C’est le Ballet national du Canada, de retour à Montréal pour trois soirs, qui a ouvert la 18e saison de Danse Danse jeudi dernier. Au programme, trois prestigieuses oeuvres issues de l’univers du ballet contemporain ont été présentées sur la scène du théâtre Maisonneuve de la Place des arts, montrant à quel point le Ballet national du Canada possède un répertoire diversifié.
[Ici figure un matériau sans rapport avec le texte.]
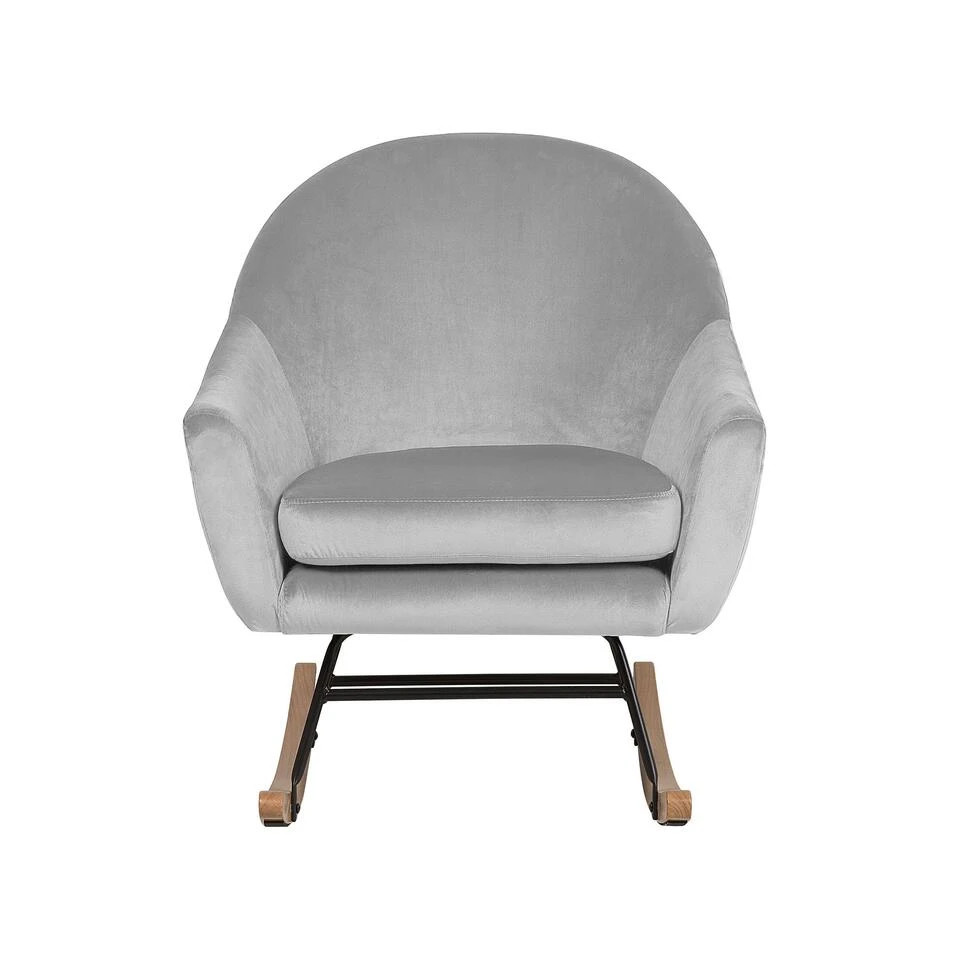 Beliani Schommelstoel OXIE - Grijs Fluweel 4 Beliani Schommelstoel OXIE - Grijs Fluweel - Afbeelding 4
Dans un premier temps nous était donnée à voir la pièce the second detail, oeuvre de William Forsythe, dont le fort penchant pour le une esthétique plus classique ne peut être nié. Cette oeuvre, d’abord créée en 1991 pour le Ballet national du Canada et accompagnée par la musique électronique de Thom Willems, a quelque chose d’intemporel et de puissant. Perçue comme avant-gardiste à l’époque, la pièce a été quelque peu remaniée dans son approche, mais a tout conservé de son aspect géométrique et rigoureux. Les danseurs, au nombre de 14, forment des duos et des trios quasi hypnotisants, se retrouvant parfois comme en transe, s’intégrant au décor et s’immobilisant sur des chaises à l’arrière de la scène, avant de recommencer leur manège.
Beau, mais parfois un peu aride, le style de cette pièce rappelle les corps graciles de la statuaire classique. Foisonnant de microchorégraphies simultanément interprétées en petits groupes sur la scène, the second detail essouffle parfois un peu plus qu’elle n’éblouit.
Le deuxième segment du programme triple tire son nom du Spectre de la Rose (1911), un ballet de Michel Fokine initialement conçu pour deux danseurs. Cette chorégraphie, imaginée par Marco Goecke et présentée pour la première fois en 2009, s’inspire de l’histoire d’une femme qui rêve qu’elle danse avec l’esprit d’une rose. Originale et inusitée, cette deuxième partie démultiplie le spectre de la rose, interprété par six danseurs sur une scène souvent très peu éclairée, propice à une ambiance onirique.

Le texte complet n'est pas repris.